__SUPPLIED MATERIAL__
____

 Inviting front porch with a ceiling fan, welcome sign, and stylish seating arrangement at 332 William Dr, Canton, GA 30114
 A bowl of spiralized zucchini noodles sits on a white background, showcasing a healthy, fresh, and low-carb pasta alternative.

____

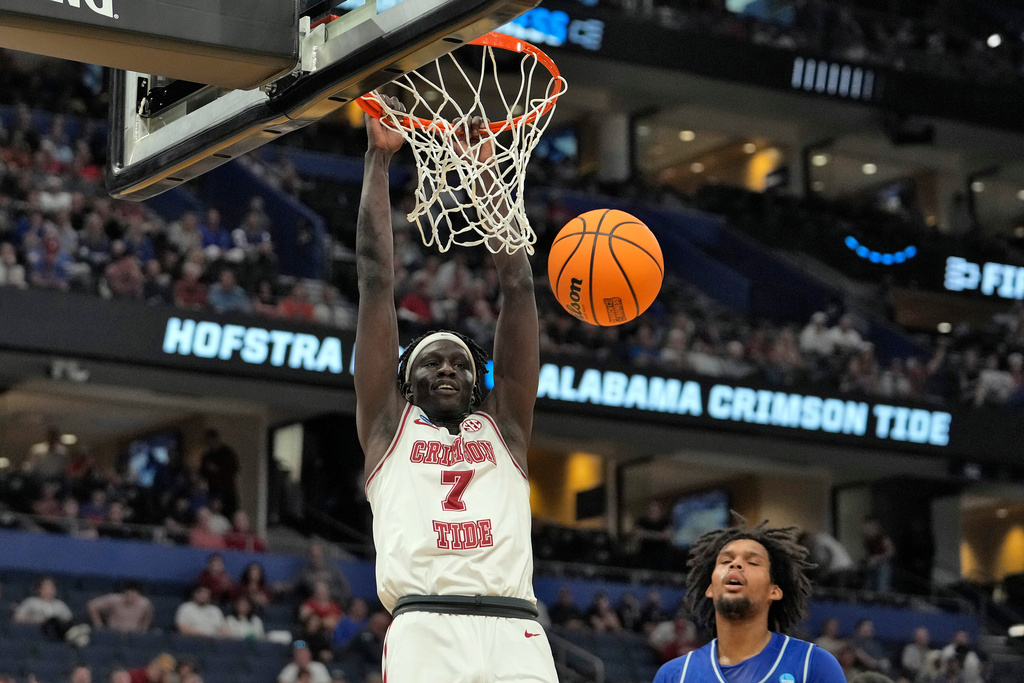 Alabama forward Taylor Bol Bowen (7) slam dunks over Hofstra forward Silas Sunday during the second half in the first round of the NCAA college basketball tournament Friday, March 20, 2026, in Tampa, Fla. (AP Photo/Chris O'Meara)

____

__ACTIVITY__
Above are the records. Copy the lines beginning at the one that has "Inviting front porch" and ending with the one that has "A bowl of spiralized", unchanged.

__EXERCISE OUTPUT__
 Inviting front porch with a ceiling fan, welcome sign, and stylish seating arrangement at 332 William Dr, Canton, GA 30114
 A bowl of spiralized zucchini noodles sits on a white background, showcasing a healthy, fresh, and low-carb pasta alternative.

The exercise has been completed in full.